# [WORK ORDER]
When the string "with" occurs in a line of the listing below, return that line.

[[ SUPPLIED MATERIAL, beginning ]]

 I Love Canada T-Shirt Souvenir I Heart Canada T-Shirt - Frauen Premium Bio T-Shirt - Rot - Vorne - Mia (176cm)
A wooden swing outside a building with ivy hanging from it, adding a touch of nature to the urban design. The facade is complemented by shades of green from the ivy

[[ SUPPLIED MATERIAL, end ]]
[[ SUPPLIED MATERIAL, beginning ]]

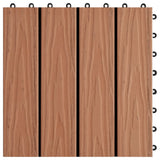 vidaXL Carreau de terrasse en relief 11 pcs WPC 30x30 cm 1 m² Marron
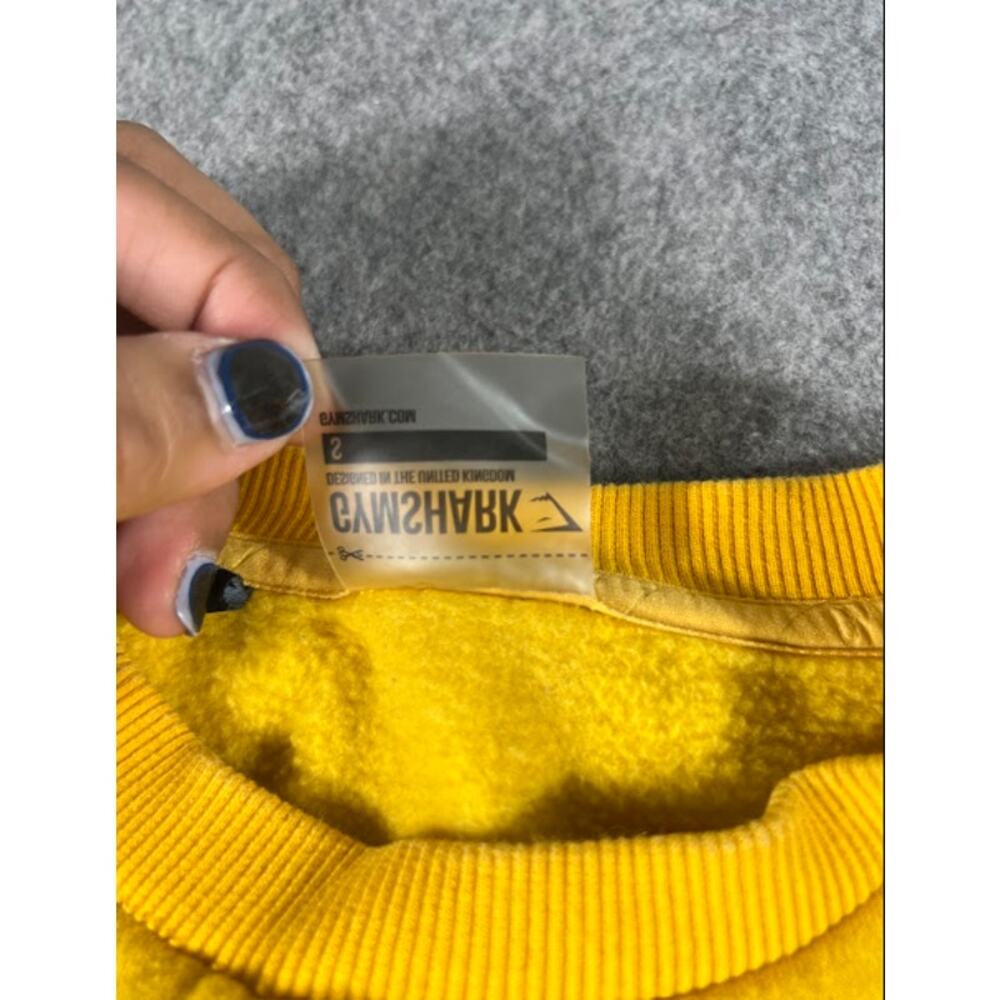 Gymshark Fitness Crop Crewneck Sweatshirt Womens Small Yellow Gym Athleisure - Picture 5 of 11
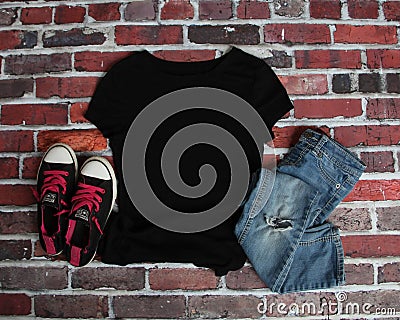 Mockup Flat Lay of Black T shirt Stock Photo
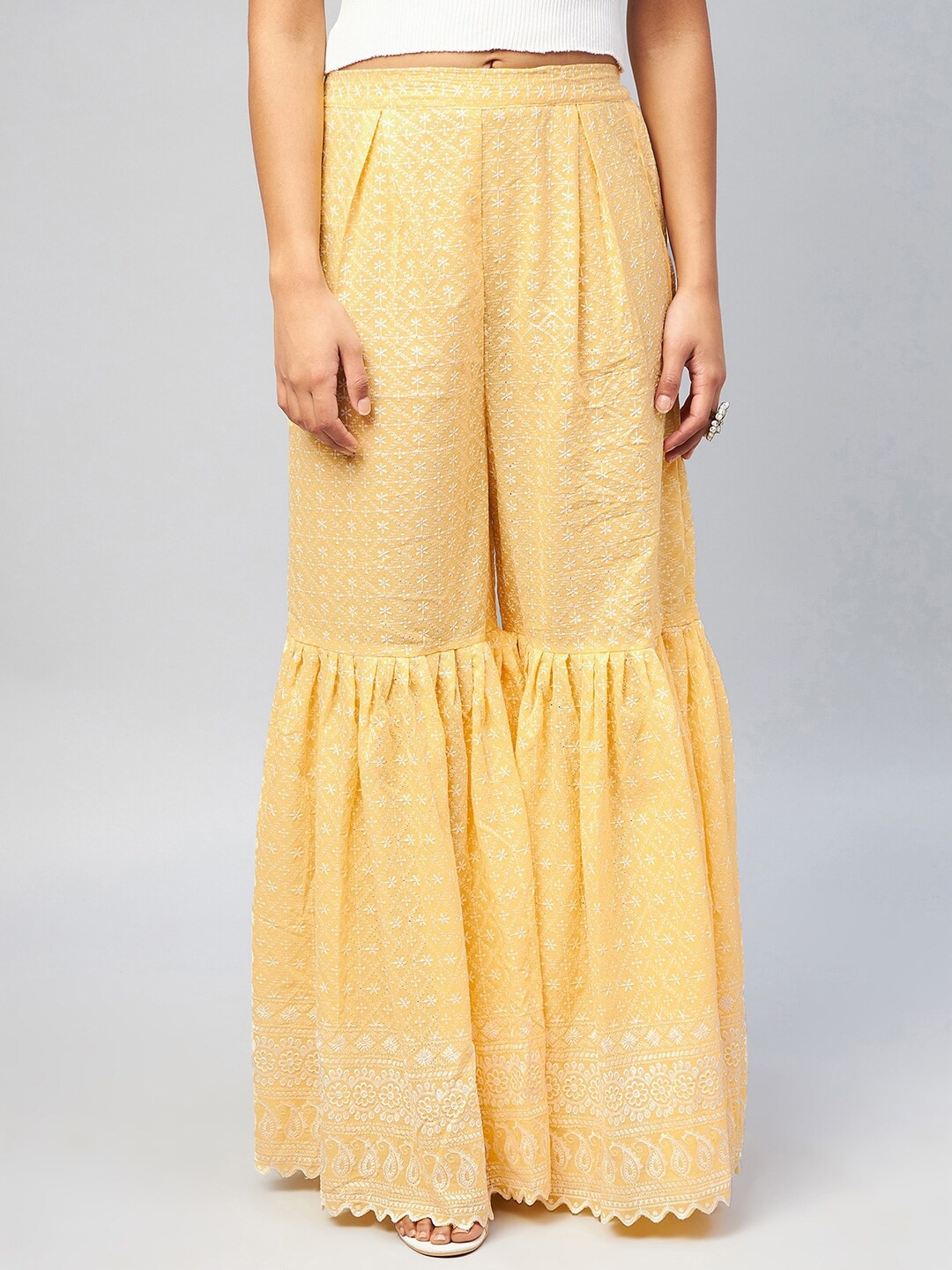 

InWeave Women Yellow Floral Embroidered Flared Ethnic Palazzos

[[ SUPPLIED MATERIAL, end ]]
[[ SUPPLIED MATERIAL, beginning ]]

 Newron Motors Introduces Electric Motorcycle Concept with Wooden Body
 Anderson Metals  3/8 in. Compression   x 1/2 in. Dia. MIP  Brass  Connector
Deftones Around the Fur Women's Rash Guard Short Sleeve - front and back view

[[ SUPPLIED MATERIAL, end ]]

# [RESULT OF THIS TASK]
A wooden swing outside a building with ivy hanging from it, adding a touch of nature to the urban design. The facade is complemented by shades of green from the ivy
 Newron Motors Introduces Electric Motorcycle Concept with Wooden Body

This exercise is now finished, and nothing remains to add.